Repeat, exactly as they appear, the lines from the one with "Women's longline hooded" through the last line of the entries below, but none of the pictures.

- **TASK DATA**:
══════

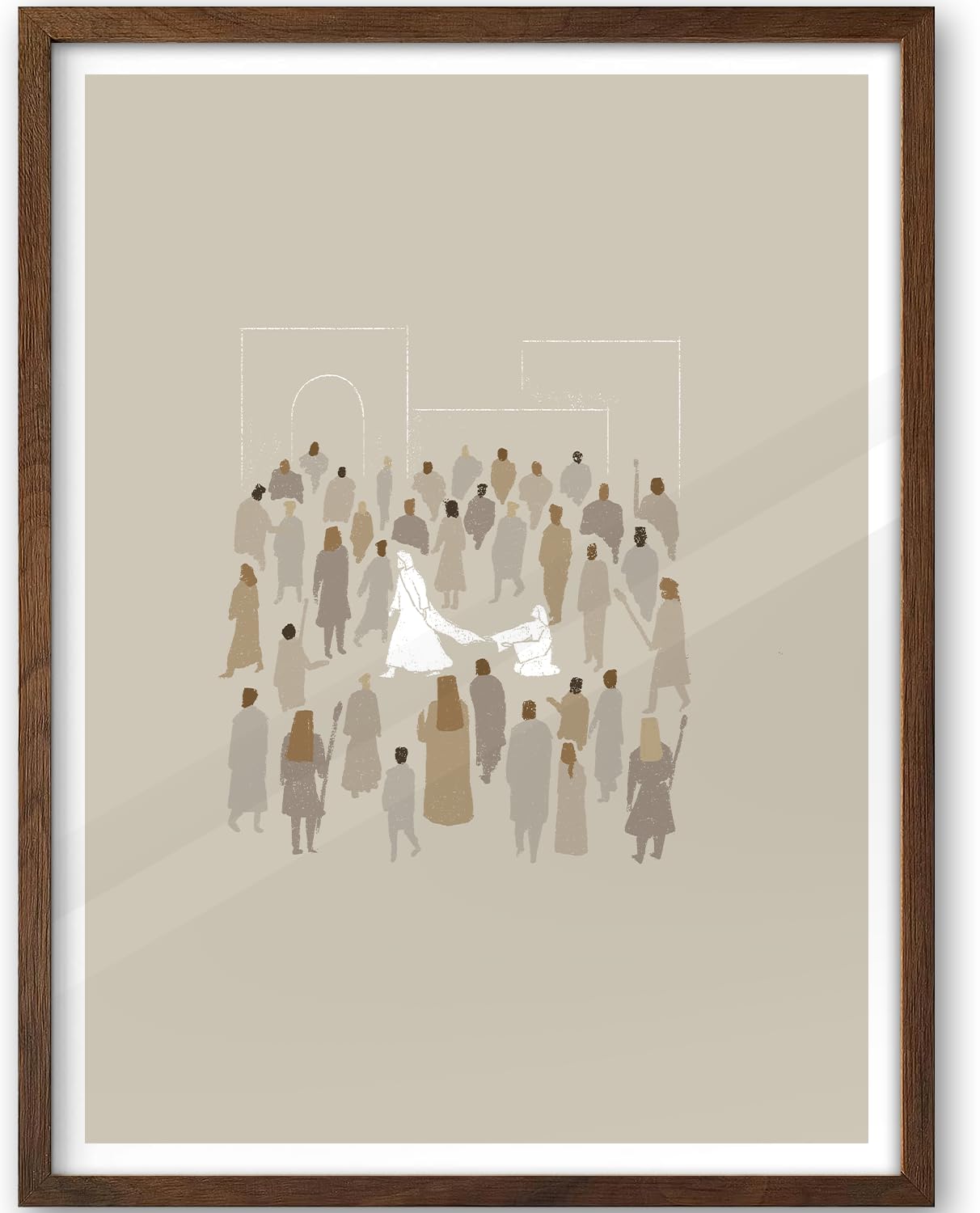 iHery Natural OAK Wood Jesus and Peter Walk on Water Framed Wall Art, 12x16 in Modern Sketch Bible Verses Canvas Art Decor, Beige Logs Boho Scripture 1Pack for Living Room Bedroom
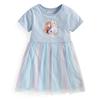 New Summer girl Princess Dress Mesh Dress Girl Short Sleeve Patchwork Veil Dress Cartoon Princess pure cotton Girl's Kids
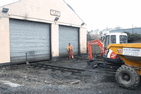 Digging out the existing track outside Dinas loco shed. (Photo: S.Melhuish)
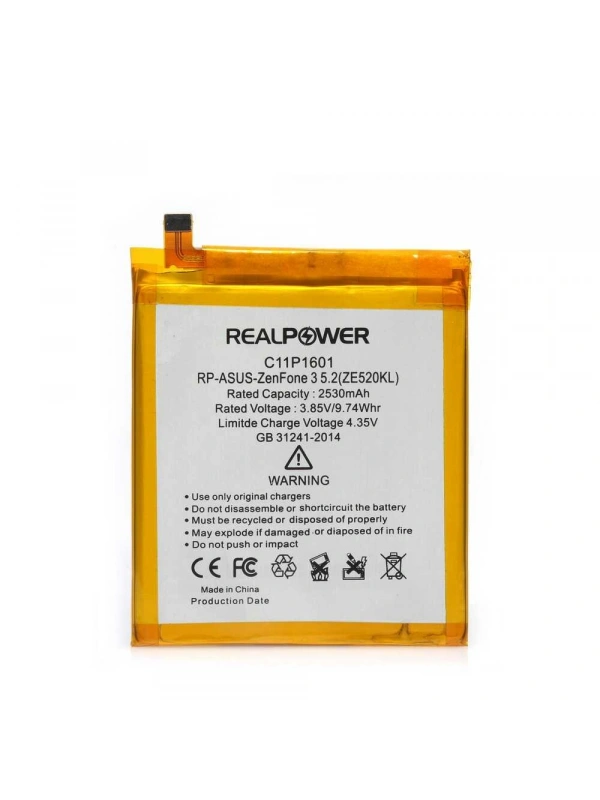 RealPower Asus Uyumlu Zenfone 3 Batarya [mAh] Li-Polymer Uzun Ömürlü Pil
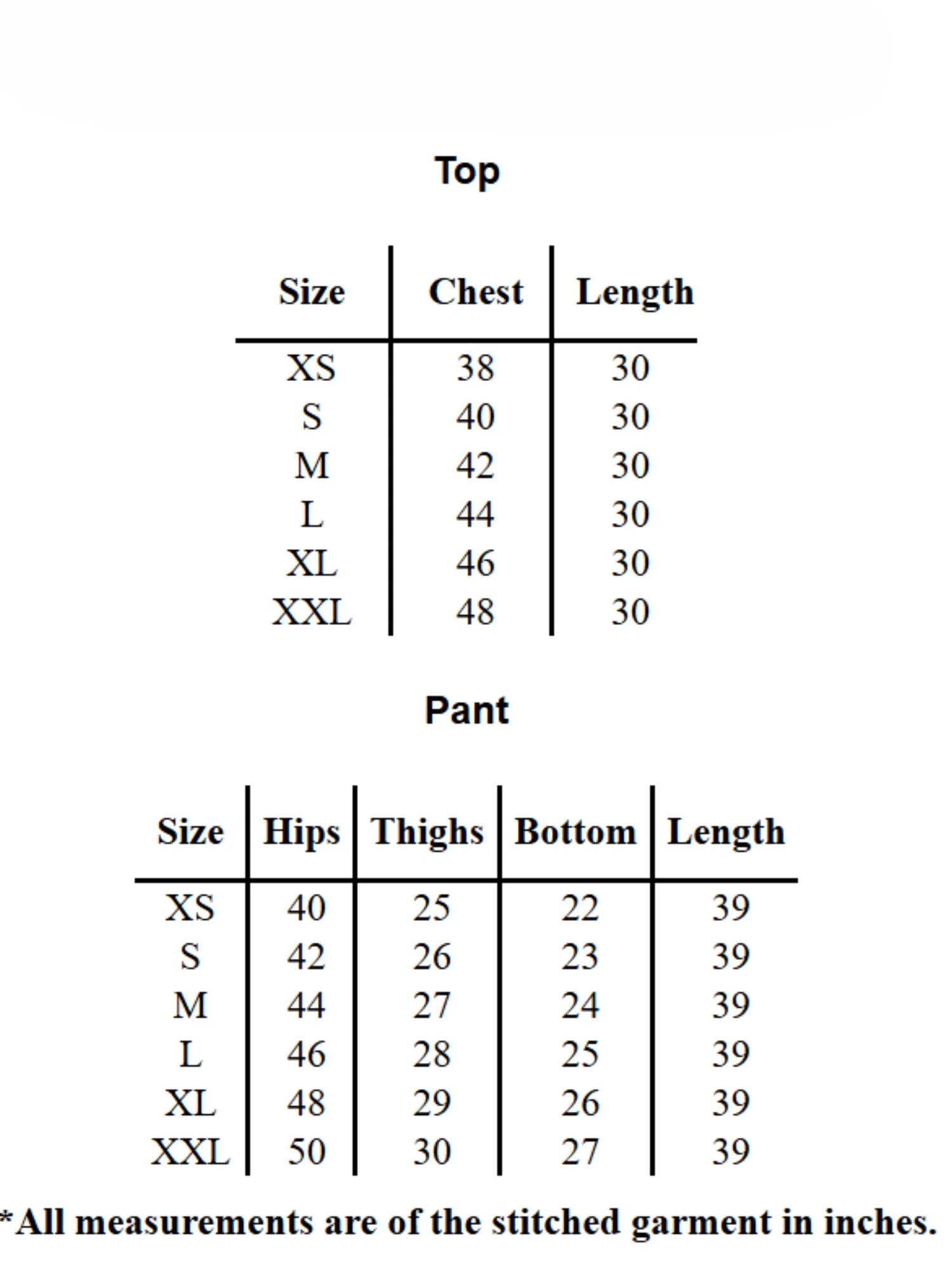 Size chart for YEZWE Co-Ord Set showing measurements for top and pant in XS to XXL sizes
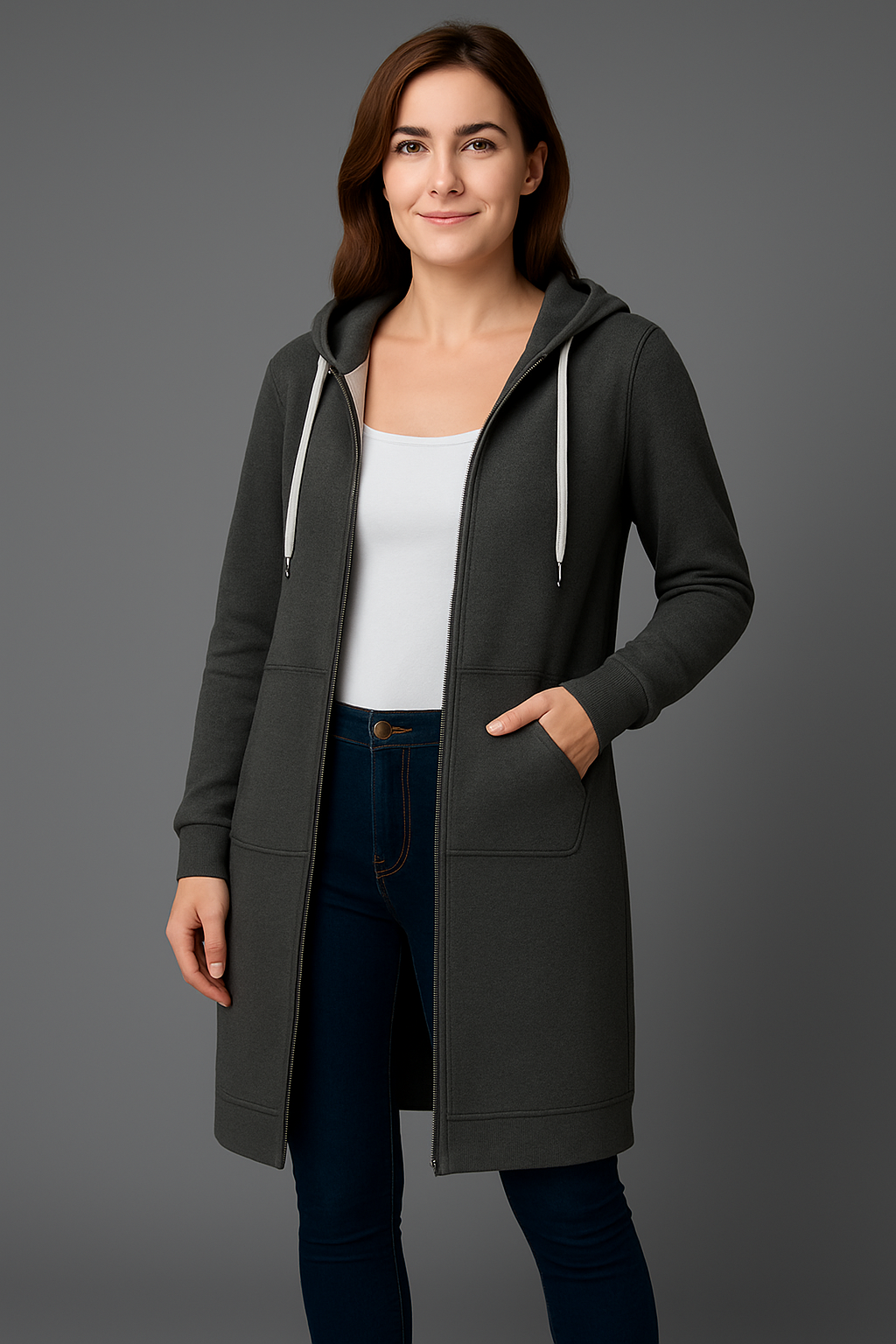 Women's longline hooded jacket with zip and pockets | L&S - 6 - London-stylehouse.com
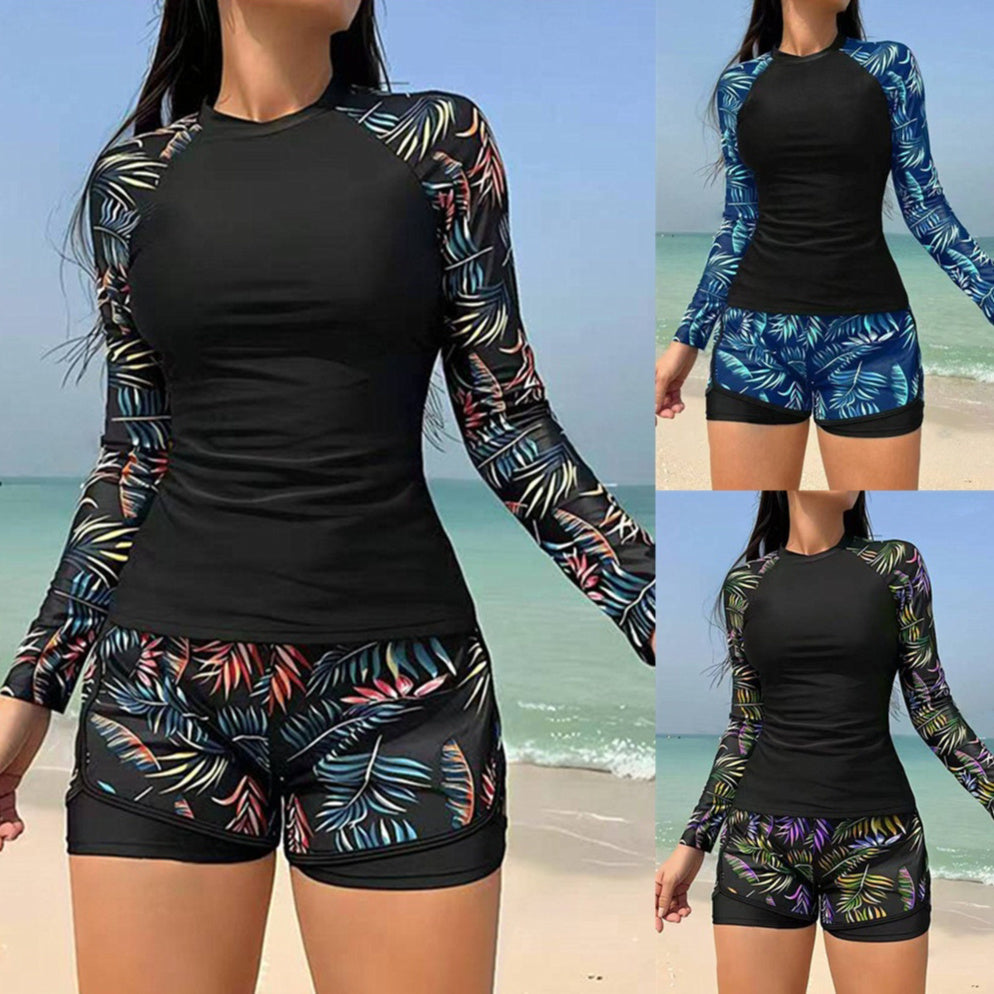 Leaf Print Isabella Sol Long Sleeve Tankini Set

══════

- **PROBLEM SOLUTION**:
 Women's longline hooded jacket with zip and pockets | L&S - 6 - London-stylehouse.com
 Leaf Print Isabella Sol Long Sleeve Tankini Set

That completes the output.